For a slip of a woman, Carol Catalano’s life is writ large. She founded Catalano Design in 1987 and since has produced award-winning work for a variety of clients in a range of industries, from professional knives to car and home electronics to the Capelli stool (pictured above) for Herman Miller, which won silver in both The International Furniture Design Competition Asahikawa in 1999 in Japan and the IDEA award in 2002. While she loves learning about the industries she designs for, “now the first thing I think about in any project is how I can simplify and enrich people’s lives.”
Her own life may not be simple, but it is certainly rich and active. She windsurfs and skate-skis (who knew?), and practices lyengar yoga. She loves cooking and good food and is about to send her 18-year-old twins off to college in the fall.
Here are 7 questions for Carol Catalano:
1. What are you working on right now?
I just finished a line of knives for people with arthritis. The knives are manufactured in Massachusetts by Dexter Russell. Before starting the design process we conducted extensive research with arthritis sufferers, which helped us really understand their needs. Currently I am working on a display for Zildjian, the cymbal manufacturer, a metronome for D’Addario and a chair for Geiger International.
I’ve also been collaborating with my husband, who is an architect, on a LEED for Homes addition to our house on Cape Cod. This has involved lots of research on sustainable technologies, processes, and materials. The project will include passive solar, photovoltaic panels for electricity, a solar hot water collector, a rainwater collection system for irrigation, and eventually a vertical axis wind turbine that will mount on our roof.
2. Which of your products are you most proud of?
I am very proud of the Capelli stool for Herman Miller. It came about during a time when I was working on a long, tedious, engineering focused project. By contrast the Capelli stool provided an outlet where I could focus on something creative and much more free of constraints.

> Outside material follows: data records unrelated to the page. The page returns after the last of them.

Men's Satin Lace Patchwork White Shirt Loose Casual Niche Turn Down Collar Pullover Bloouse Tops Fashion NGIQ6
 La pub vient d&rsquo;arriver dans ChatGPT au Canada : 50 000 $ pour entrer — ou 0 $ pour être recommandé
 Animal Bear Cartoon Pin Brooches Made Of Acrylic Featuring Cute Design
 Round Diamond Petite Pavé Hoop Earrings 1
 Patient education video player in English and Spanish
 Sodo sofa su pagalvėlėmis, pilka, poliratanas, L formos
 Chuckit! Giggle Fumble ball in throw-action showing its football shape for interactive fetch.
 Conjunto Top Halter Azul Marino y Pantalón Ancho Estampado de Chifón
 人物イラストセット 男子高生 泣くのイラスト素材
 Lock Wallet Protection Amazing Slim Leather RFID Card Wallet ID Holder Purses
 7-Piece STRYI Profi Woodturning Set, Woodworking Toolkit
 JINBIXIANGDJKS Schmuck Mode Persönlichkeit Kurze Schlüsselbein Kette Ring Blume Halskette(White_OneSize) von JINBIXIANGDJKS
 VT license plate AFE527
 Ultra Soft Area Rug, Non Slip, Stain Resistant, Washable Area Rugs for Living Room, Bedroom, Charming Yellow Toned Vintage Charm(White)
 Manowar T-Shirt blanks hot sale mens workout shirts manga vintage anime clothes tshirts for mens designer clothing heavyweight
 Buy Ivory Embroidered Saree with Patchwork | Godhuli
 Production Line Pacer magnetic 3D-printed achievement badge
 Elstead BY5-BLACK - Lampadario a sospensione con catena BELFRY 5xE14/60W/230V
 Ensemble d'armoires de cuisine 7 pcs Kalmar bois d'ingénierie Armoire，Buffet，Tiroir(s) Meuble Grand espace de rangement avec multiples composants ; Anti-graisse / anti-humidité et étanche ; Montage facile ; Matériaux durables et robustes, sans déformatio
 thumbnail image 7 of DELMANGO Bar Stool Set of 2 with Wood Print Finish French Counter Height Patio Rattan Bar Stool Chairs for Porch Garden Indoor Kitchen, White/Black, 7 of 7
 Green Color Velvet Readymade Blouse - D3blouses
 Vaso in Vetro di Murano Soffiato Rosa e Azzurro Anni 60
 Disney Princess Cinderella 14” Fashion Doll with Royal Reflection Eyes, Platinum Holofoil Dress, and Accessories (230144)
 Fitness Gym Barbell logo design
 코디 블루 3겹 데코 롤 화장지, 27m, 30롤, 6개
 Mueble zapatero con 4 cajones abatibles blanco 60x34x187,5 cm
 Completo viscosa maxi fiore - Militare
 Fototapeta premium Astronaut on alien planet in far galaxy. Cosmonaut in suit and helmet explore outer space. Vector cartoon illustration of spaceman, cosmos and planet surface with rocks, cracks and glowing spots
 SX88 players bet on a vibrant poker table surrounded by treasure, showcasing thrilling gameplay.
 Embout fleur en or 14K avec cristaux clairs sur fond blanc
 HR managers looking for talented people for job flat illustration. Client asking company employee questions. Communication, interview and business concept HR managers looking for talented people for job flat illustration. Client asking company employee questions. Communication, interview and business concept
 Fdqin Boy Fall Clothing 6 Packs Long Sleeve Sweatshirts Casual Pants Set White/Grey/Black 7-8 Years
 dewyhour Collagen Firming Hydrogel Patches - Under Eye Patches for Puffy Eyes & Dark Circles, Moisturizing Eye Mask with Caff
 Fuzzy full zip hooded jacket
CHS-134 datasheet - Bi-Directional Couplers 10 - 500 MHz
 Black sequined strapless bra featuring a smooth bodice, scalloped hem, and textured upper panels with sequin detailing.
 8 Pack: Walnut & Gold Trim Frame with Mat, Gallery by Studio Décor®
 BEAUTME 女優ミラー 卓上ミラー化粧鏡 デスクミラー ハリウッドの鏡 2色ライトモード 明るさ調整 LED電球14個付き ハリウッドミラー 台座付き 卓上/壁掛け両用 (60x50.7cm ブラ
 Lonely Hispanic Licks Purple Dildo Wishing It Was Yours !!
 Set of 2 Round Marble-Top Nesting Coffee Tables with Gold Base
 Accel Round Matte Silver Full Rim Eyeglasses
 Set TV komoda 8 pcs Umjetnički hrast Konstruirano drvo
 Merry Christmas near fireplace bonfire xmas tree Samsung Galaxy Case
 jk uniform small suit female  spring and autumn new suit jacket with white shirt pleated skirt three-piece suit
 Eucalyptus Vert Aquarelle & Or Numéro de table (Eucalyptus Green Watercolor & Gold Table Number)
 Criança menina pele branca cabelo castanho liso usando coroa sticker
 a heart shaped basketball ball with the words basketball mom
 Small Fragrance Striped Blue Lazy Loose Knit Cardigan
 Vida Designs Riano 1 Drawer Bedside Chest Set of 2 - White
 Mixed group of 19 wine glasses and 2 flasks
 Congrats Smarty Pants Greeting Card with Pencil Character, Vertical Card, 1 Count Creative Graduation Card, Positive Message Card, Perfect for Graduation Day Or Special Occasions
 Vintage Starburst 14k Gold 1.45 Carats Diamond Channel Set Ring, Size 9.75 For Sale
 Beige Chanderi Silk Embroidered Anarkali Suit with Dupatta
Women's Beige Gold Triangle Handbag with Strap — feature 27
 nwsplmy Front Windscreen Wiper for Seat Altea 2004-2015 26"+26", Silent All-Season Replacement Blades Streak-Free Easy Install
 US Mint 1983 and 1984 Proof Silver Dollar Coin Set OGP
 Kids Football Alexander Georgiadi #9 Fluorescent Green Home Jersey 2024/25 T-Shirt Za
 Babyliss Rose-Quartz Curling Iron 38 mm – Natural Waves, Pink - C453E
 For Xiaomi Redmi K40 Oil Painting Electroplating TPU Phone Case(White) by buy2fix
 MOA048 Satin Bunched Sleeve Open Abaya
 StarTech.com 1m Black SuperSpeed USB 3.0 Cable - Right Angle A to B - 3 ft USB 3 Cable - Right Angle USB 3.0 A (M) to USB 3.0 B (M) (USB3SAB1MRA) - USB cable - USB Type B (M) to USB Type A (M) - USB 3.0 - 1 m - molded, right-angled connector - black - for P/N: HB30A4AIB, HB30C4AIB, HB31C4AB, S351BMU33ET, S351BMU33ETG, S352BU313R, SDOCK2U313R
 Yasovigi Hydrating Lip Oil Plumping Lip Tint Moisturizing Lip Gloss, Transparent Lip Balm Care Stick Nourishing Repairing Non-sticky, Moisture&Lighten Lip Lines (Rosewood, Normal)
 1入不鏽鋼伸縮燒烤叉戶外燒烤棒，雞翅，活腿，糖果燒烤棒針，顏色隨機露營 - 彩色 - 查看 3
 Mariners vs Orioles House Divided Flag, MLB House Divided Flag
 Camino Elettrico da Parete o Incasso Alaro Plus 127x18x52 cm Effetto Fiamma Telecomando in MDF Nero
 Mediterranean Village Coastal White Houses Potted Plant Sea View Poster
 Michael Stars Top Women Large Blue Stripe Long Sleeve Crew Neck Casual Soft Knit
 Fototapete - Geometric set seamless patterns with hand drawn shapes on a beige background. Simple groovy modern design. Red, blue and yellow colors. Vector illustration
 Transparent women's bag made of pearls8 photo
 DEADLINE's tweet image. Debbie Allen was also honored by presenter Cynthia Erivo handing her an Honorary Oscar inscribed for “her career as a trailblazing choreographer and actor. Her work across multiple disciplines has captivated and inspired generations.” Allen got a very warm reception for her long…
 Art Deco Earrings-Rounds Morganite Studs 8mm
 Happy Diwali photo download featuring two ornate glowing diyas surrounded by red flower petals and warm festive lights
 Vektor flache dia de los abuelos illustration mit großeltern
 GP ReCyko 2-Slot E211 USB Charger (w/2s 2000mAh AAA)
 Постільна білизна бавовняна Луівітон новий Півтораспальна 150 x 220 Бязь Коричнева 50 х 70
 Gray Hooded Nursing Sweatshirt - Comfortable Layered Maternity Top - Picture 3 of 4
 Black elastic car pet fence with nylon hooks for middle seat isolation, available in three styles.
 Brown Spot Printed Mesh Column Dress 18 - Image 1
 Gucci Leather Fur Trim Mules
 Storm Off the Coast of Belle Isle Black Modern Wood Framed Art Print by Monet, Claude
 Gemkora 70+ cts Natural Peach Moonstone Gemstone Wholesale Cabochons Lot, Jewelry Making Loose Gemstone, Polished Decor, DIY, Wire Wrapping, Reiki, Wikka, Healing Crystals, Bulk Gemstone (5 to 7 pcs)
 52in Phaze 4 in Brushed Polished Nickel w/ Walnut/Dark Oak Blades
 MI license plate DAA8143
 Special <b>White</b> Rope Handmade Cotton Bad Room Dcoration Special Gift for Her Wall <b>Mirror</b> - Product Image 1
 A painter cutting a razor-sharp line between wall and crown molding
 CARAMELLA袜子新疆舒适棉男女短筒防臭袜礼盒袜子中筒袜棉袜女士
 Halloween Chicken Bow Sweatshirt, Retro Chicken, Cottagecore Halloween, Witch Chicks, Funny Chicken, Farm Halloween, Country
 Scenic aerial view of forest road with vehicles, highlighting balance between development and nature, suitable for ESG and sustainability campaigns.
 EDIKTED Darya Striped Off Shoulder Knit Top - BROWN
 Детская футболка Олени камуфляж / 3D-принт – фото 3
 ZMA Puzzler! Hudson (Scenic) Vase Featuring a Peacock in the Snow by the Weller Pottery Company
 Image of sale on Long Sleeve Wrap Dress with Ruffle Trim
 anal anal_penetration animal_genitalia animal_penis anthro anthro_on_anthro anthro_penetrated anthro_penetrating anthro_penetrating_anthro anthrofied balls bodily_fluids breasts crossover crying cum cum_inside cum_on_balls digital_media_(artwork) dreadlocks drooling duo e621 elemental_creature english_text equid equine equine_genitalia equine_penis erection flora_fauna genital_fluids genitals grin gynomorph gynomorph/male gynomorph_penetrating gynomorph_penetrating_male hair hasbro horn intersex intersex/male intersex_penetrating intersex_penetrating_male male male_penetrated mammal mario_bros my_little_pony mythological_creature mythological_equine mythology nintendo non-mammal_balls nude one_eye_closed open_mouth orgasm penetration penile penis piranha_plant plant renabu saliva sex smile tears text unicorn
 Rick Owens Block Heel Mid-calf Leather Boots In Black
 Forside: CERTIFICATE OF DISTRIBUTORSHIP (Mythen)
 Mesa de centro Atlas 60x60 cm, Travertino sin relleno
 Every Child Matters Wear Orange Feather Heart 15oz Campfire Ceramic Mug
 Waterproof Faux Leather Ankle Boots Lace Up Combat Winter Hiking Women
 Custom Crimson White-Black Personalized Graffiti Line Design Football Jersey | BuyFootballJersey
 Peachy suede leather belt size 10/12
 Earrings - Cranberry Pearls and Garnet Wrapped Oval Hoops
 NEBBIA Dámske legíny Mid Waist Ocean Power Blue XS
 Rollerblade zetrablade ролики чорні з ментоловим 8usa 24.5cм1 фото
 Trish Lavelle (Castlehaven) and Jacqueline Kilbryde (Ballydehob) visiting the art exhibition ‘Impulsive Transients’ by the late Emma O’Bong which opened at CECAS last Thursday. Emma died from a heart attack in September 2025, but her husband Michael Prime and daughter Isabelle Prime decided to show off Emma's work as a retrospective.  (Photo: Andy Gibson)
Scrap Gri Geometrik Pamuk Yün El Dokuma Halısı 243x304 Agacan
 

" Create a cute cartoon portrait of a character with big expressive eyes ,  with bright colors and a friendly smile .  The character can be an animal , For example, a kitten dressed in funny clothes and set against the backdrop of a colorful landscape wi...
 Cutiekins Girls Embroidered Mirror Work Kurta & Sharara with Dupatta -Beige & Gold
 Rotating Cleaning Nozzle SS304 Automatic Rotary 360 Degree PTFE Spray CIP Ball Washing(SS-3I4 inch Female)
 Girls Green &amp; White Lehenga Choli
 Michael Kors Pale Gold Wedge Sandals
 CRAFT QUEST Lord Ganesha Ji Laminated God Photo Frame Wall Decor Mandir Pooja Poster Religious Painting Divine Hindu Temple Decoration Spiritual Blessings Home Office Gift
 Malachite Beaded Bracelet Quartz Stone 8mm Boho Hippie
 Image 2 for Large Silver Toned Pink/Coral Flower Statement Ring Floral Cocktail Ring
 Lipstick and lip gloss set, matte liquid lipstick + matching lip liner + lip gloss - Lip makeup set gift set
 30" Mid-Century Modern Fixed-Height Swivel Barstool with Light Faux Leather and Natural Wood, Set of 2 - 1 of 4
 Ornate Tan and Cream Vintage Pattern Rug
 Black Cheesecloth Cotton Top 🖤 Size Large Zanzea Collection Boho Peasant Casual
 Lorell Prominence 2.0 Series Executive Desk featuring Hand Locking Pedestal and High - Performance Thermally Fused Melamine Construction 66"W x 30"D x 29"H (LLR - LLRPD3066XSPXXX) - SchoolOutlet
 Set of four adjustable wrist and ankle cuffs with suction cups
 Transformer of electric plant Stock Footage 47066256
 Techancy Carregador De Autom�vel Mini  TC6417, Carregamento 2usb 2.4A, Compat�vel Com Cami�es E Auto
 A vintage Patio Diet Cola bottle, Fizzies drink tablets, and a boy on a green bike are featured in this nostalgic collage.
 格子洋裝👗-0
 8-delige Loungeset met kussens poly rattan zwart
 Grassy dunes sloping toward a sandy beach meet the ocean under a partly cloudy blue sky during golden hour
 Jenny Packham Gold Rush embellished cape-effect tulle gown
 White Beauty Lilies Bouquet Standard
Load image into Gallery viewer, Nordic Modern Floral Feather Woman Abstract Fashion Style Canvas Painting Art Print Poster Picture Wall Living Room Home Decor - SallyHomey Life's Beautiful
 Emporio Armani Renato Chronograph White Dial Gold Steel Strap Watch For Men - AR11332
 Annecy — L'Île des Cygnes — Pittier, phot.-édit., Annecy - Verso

3. What inspires you? Where do you go for inspiration?
For me, inspiration comes when I can be completely in the moment, and I’m able to let everything else go. For instance, I am an avid windsurfer, which can require complete concentration, and frequently this is when ideas for projects that I am working on will come to me. Observing the way nature solves problems is another source of inspiration that I draw on. I love exploring new processes and materials, and experimenting with ideas that grow from that exposure. I’m always looking for ways to cross-pollinate ideas from one industry to another.
4. What work do you most admire by another designer or artist?
I am fascinated with the work of sculptor Anish Kapoor. His experimentation with surface tension and positive and negative space forces me to think differently about our three-dimensional world. I especially enjoyed his installation “Memory” at the Guggenheim in NYC.
5. What would be your dream projects?
My dream project would involve designing a product or system that supports and improves one’s health and well being, makes true advances in sustainability, is beautiful to look at and be around, and is something people would want in their lives.
6. What place in the world would you most like to visit?
Rapa Nui (one of the Easter Islands). Basically, I am interested in traveling anywhere that I can experience indigenous culture and food.
7. What one thing do you want to accomplish before you die?
To have a farm by the ocean where I could grow vegetables and raise chickens, cows and pigs. The farm would have a brick oven for making bread and pizza and a cheese cave where I could make and age my own cheese. Most importantly, it would be a place where people would gather to talk, design, share, and connect with others all while eating delicious local food.